Zu Punkt 2: Danke für den Hinweis. Vielleicht haben wir an dieser Stelle zu viel als bekannt vorausgesetzt bzw. unterstellt, dass es unnötig ist, Dinge erneut zu thematisieren und präsentieren, die jüngst andere Ausstellungen in Deutschland und Europa zu diesem Thema bearbeitet haben.

Zu Punkt 3. Hierzu wird der 24. Tag der Stadtgeschichte am 16. November 2024 zum Thema „Halle und der Kolonialismus“ im Stadtarchiv Halle einen nächsten Schritt beitragen.

Die Debatte um Kolonialismus zu führen finde ich richtig und wichtig. Allerdings ist das eine Debatte, die wir als Menschen, die heute leben, zu führen haben. Der Ton der Ausstellung ging mir stellenweise zu weit in das spekulative Verurteilen von Menschen von vor 100 Jahren nach heutigen Moralvorstellungen und mit dem Wissen über heutige Debatten.

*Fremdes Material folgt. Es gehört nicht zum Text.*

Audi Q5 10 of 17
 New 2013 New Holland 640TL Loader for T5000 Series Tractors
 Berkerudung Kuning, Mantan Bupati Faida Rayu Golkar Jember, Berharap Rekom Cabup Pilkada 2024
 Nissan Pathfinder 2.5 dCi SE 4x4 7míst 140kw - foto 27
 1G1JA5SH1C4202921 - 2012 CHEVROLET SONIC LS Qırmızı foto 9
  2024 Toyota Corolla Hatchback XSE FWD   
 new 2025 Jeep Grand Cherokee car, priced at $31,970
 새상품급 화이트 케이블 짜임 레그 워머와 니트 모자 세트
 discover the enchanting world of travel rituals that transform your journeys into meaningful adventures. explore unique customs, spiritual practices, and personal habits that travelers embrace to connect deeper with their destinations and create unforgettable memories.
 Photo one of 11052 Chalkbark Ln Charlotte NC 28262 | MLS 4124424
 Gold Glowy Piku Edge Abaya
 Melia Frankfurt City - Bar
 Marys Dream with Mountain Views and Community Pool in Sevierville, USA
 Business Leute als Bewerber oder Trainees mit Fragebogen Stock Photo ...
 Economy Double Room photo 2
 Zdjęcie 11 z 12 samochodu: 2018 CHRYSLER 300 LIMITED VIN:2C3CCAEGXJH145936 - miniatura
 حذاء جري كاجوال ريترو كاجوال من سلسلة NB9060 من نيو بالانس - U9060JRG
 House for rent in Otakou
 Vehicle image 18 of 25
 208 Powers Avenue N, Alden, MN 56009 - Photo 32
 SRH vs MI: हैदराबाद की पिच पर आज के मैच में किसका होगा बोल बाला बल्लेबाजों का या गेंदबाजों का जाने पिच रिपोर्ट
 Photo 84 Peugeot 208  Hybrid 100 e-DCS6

Das halte ich für etwas vermessen gegenüber den Künstlern.

Unsere Antwort:

Es geht darum, tradierte Betrachtungen und Urteile v. a. bezüglich des deutschen Expressionismus in seinem Verhältnis zum kaiserzeitlichen Kolonialismus zu hinterfragen, in Frage zu stellen und kritisch zu überdenken. Niemand aus dem Kuratoren- und Beratungsteam hat die damals handelnden Menschen verurteilt. Im Gegenteil, wir waren bemüht, deren Handeln aus ihrer Zeit heraus zu verstehen und mit unserem heutigen Faktenwissen einzuordnen.